I spent the first six months after the summer of my university graduation in the deepest depression of my life. I had spent almost 15 years with a single goal, one narrative of who I was and what I was meant to do cemented into my head, and then it was over. The girl who excelled in academia, who got straight As, who always appeared on the Dean’s list was gone, because I had accomplished my goal, but I felt an enormous emptiness take her place.
All I seemed to have left of myself was my undying passion for writing, a fascination with the power of the written word, and a vague dream of entering the publishing industry. I knew that path was going to be a difficult one and that in all likelihood I would never actually reach my goal, but it felt like my only option.
About five years on from that dark period nearly all of my fears have come to life and my dreams don’t feel that much closer to fruition. The continuous rejection, uncertainty, and poverty that I anticipated have been ever present. Some days it is very difficult not to feel utterly hopeless or regret my life.

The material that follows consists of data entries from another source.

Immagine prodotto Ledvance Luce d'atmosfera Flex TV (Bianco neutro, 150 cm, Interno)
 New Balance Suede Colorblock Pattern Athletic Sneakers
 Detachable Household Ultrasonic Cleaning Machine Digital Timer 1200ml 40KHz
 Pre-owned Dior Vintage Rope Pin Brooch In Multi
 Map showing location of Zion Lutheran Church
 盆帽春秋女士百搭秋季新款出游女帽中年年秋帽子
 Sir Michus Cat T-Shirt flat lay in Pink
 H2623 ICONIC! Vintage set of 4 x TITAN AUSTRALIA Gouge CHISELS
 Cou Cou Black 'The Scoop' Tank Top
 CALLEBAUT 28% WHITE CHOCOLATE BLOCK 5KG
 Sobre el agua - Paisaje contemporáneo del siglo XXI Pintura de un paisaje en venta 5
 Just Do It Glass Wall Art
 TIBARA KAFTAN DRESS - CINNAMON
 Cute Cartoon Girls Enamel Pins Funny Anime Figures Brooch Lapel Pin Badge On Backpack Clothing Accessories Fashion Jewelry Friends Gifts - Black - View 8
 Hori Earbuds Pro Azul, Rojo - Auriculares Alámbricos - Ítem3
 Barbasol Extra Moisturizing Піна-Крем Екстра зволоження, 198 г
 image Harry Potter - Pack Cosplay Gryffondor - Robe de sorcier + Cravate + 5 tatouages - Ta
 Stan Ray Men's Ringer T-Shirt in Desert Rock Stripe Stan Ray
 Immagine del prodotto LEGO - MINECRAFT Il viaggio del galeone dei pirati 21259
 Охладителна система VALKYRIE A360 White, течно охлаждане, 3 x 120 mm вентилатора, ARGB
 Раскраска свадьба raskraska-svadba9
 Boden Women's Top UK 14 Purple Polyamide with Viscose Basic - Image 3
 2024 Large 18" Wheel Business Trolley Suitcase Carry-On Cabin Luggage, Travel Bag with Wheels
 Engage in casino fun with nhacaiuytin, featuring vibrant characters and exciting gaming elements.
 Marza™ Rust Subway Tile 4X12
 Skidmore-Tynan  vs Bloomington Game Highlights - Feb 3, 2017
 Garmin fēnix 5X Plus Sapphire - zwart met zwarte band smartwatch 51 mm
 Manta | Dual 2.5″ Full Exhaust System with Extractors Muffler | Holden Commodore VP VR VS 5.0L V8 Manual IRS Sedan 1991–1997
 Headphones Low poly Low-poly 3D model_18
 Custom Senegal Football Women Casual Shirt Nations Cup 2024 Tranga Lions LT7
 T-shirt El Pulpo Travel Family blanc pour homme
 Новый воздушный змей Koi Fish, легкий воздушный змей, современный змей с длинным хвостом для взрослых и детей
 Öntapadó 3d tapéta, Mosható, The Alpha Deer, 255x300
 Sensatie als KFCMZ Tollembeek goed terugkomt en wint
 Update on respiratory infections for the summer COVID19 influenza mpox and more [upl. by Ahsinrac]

I often look back now and wonder what took me so long to pursue these goals. Then I remember how immersed I was in pursuing other things that I thought would help me feel less outside of the world around me. And still I wonder, how was I writing little stories in elementary school and yet I never even submitted a poem to a publisher or magazine until I was 25 years old? I was first published in a small online literary magazine that same year. Since then I’ve accumulated about 20 publications, with more on the near horizon. Now I wonder, how did I never even think about submitting a genuine chapbook for publication until this year, as I became 28 years old and 30 hangs there over my head like rotting fruit?
This is all to say, in some ways to confess, that I still have no idea what I am doing or where I am going in my career or my life. Maybe five years from now I will look back on this and be so thankful that I kept going. Or maybe I’ll look back and think about what an idiot I was to keep walking all the way towards a dead end with so little regard for the future.
In conclusion, if other creatives are feeling this way, you’re not alone. Sometimes I think that is all I have to offer the world— when you’re going through the really bad stuff, feeling really low, you’re not alone, because I’ve been there or I’ll be there with you. It’s all I have for now, but I hope one day I can be the inspiration rather than the companion in misery.
As usual, here are some excerpts from things I wrote this month:
Every tongue can taste the way heartache sours.
As for all the women, the astronomers,/ the mothers, the healers I will never be/ I will build continents for you.
There, in a post office that smells of tea and old wood/ somewhere in Catholic country,/ somewhere as green as the serpent’s eye in Eden/ is the rosary you gifted me.